Scientists at King’s College London have developed a new way to rapidly change the polarisation of light, one of its fundamental properties. The research, published in Nature Photonics on 29 September 2017, could lead to much faster data transfer and advance research into nano-materials.
A light wave undulates in different ways — known as its polarisation. The polarisation of light is changed by the material it passes through, so we can use it to learn about unseen nano-scale worlds such as drug chemistry and quantum electronics. Switching polarisation is also used to transfer digital information along fibre optic cables.
The electronic methods currently used to control the light polarisation in such applications is reaching its physical speed limit.

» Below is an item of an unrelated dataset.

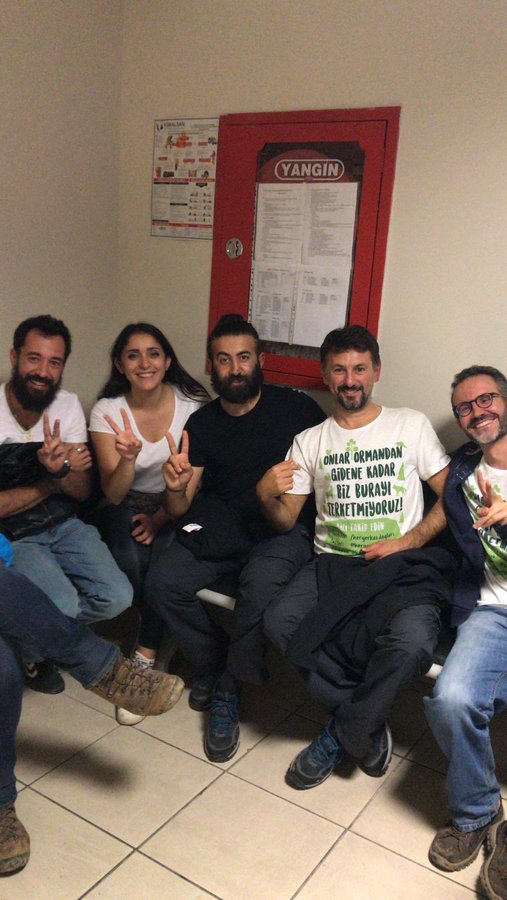 Resmi Twitter'da görüntüle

Researchers at King’s have overcome this problem, allowing polarisation to be switched at timescales of less than a millionth of a millionth of a second — hundreds of times faster than current electronic methods.

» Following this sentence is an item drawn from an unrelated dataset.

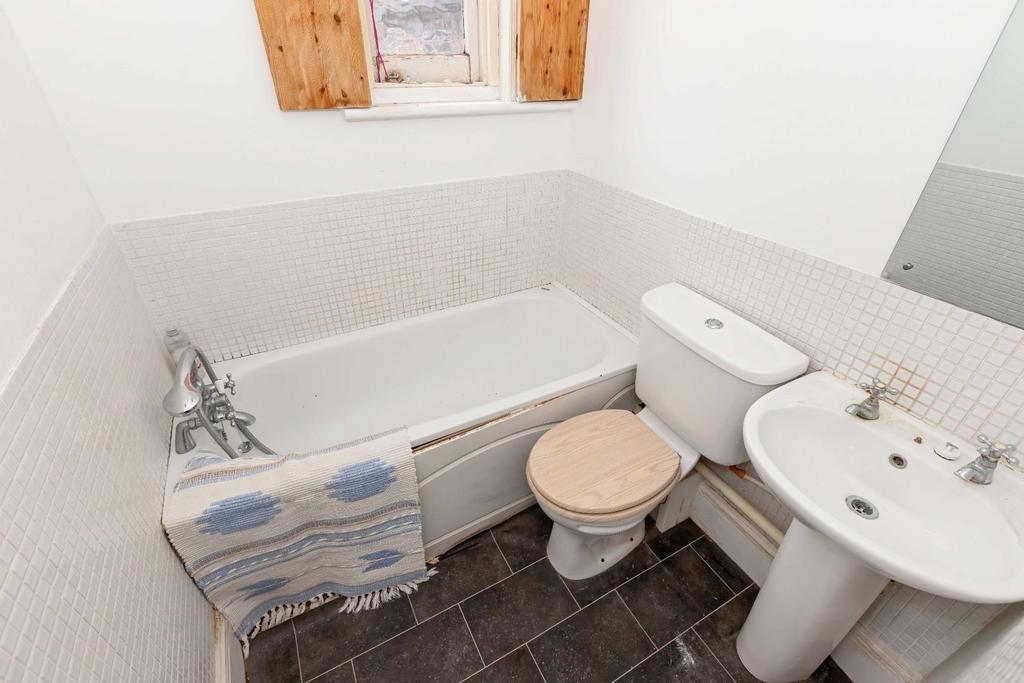 Pembroke Crescent 5.jpg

This will allow us to ‘see’ very fast nano-scale processes such as chemical reactions for the first time, by illuminating them with rapidly changing light. This helps us to understand the difference in formation of nasty chemicals and life-saving drugs, and allows us to study new materials that will bring about the next technological revolutions.
This will also represent a major advance in data transfer speeds. By rapidly changing the polarisation of light — to represent a one or a zero — data can be passed along fibre optic cables and into your living room more rapidly. This will help meet growing data sharing demands driven by streaming and cloud services.
To create the light-speed, polarisation-switching nano-material the team designed nano-structured materials that can control light polarisation using light itself — a technique known as all-optical polarisation control.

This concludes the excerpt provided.